Ensuite, ils sortirent leurs billes et y jouèrent jusqu’à satiété. Joe et Huck prirent un troisième bain. Tom refusa de les suivre: en quittant son pantalon, il avait perdu la peau de serpent à sonnettes qui lui entourait la cheville, et il se demandait comment il avait pu échapper aux crampes sans la protection de ce talisman. Quand il l’eut retrouvée, ses camarades étaient si fatigués qu’ils s’étendirent sur le sable, chacun de son côté, et le laissèrent tout seul.
Mélancolique, notre héros se mit à rêvasser et s’aperçut bientôt qu’il traçait le nom de Becky sur le sable à l’aide de son gros orteil. Il l’effaça, furieux de sa faiblesse. Mais il l’écrivit malgré lui, encore et encore. Il finit par aller rejoindre ses camarades pour échapper à la tentation. Les trois pirates se seraient fait hacher plutôt que d’en convenir, mais leurs yeux se portaient sans cesse vers les maisons.de Saint-Petersburg que l’on distinguait au loin. Joe était si abattu, il avait tellement le mal du pays, que pour un rien il se fut mis à pleurer. Huck n’était pas très gai, lui non plus. Tom broyait du noir, cependant il s’efforçait de n’en rien laisser paraître. Il avait un secret qu’il ne tenait pas à révéler tout de suite, à moins, bien entendu, qu’il n’y eût pas d’autre solution pour dissiper l’atmosphère de plus en plus lourde.
«Je parie qu’il y a déjà des pirates sur cette île, déclara-t-il en feignant un entrain qu’il était loin d’avoir.

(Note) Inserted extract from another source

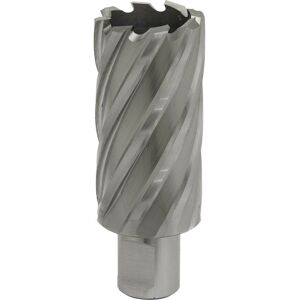 Loops 32mm x 50mm Depth Rotabor Cutter - M2 Steel Annular Metal Core Drill 19mm Shank in Metallics Metallics Loops 32mm x 50mm Depth Rotabor Cutter - M2 Steel Annular Metal Core Drill 19mm Shank in Metallics Metallics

Nous devrions l’explorer encore. Il y a certainement un trésor caché quelque part. Que diriez-vous, les amis, d’un vieux coffre rempli d’or et d’argent?»
Ses paroles ne soulevèrent qu’un faible enthousiasme. Il fit une ou deux autres tentatives aussi malheureuses. Joe ne cessait de gratter le sable avec un bâton. Il avait l’air lugubre. À la fin, n’y tenant plus, il murmura:
«Dites donc, les amis, si on abandonnait la partie? Moi, je veux rentrer à la maison. On se sent trop seuls ici.
– Mais non, Joe, fît Tom. Tu vas t’y habituer. Songe à tout le poisson qu’on peut pêcher.
– Je me moque pas mal du poisson et de la pêche. Je veux retourner à la maison.
– Mais, Joe, il n’y a pas un endroit pareil pour se baigner.
– Ça aussi, ça m’est égal, j’ai l’impression que ça ne me dit plus rien quand personne ne m’interdit de le faire. Je veux rentrer chez moi.
– Oh! espèce de bébé, va! Je suis sûr que tu veux revoir ta mère.
– Oui, je veux la revoir, et tu voudrais revoir la tienne si tu en avais une. Je ne suis pas plus un bébé que toi.»
Sur ce, le pauvre Joe commença à pleurnicher.
«C’est ça, c’est ça, pleure, mon bébé, ricana Tom. Va retrouver ta mère. On le laisse partir, n’est-ce pas, Huck? Pauvre petit, pauvre mignon, tu veux revoir ta maman? Alors, vas-y. Toi, Huck, tu te plais ici, hein? Eh bien, nous resterons tous les deux.